Extracted records:
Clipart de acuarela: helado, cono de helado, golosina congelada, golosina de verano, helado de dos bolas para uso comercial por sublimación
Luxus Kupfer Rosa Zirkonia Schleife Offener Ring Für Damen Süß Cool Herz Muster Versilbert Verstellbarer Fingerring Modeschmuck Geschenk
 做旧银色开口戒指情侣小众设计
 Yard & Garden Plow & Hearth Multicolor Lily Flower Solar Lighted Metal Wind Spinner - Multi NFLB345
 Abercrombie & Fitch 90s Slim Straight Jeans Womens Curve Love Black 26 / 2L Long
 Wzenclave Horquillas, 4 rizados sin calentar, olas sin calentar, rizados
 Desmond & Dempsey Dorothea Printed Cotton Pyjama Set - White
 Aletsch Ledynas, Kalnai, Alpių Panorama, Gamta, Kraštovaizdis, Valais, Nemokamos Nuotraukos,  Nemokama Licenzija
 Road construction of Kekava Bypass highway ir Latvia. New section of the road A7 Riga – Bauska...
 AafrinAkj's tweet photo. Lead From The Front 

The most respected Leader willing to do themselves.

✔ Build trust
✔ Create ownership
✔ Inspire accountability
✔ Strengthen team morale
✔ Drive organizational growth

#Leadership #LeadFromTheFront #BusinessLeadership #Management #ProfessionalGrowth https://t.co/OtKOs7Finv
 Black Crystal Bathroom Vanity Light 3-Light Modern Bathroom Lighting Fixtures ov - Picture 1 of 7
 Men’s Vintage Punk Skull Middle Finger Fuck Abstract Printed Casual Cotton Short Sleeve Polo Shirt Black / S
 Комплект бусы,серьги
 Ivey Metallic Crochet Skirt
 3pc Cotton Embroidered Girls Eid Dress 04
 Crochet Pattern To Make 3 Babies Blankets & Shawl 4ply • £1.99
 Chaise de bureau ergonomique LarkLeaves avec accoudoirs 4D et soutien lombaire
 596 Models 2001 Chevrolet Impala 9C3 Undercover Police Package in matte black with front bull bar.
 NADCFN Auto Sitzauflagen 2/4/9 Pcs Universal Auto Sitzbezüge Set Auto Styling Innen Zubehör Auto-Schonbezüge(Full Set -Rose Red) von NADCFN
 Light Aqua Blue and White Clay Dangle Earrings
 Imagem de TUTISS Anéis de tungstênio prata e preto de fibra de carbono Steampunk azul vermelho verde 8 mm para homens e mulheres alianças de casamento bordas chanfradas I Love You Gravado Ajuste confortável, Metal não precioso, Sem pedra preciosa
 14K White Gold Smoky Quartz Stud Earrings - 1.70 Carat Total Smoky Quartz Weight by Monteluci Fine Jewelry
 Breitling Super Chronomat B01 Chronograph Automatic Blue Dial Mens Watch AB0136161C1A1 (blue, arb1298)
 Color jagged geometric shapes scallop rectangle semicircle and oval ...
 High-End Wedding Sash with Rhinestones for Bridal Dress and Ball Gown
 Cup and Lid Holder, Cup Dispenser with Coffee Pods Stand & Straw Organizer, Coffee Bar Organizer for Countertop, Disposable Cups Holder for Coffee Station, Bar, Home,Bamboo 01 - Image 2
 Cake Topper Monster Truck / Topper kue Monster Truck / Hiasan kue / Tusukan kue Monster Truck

- _Exercise details_: Please give again the lines above between the line holding "Crochet Pattern To" and the line holding "596 Models 2001", inclusive, exactly as they are and with nothing added.

- _Your solution_:
 Crochet Pattern To Make 3 Babies Blankets & Shawl 4ply • £1.99
 Chaise de bureau ergonomique LarkLeaves avec accoudoirs 4D et soutien lombaire
 596 Models 2001 Chevrolet Impala 9C3 Undercover Police Package in matte black with front bull bar.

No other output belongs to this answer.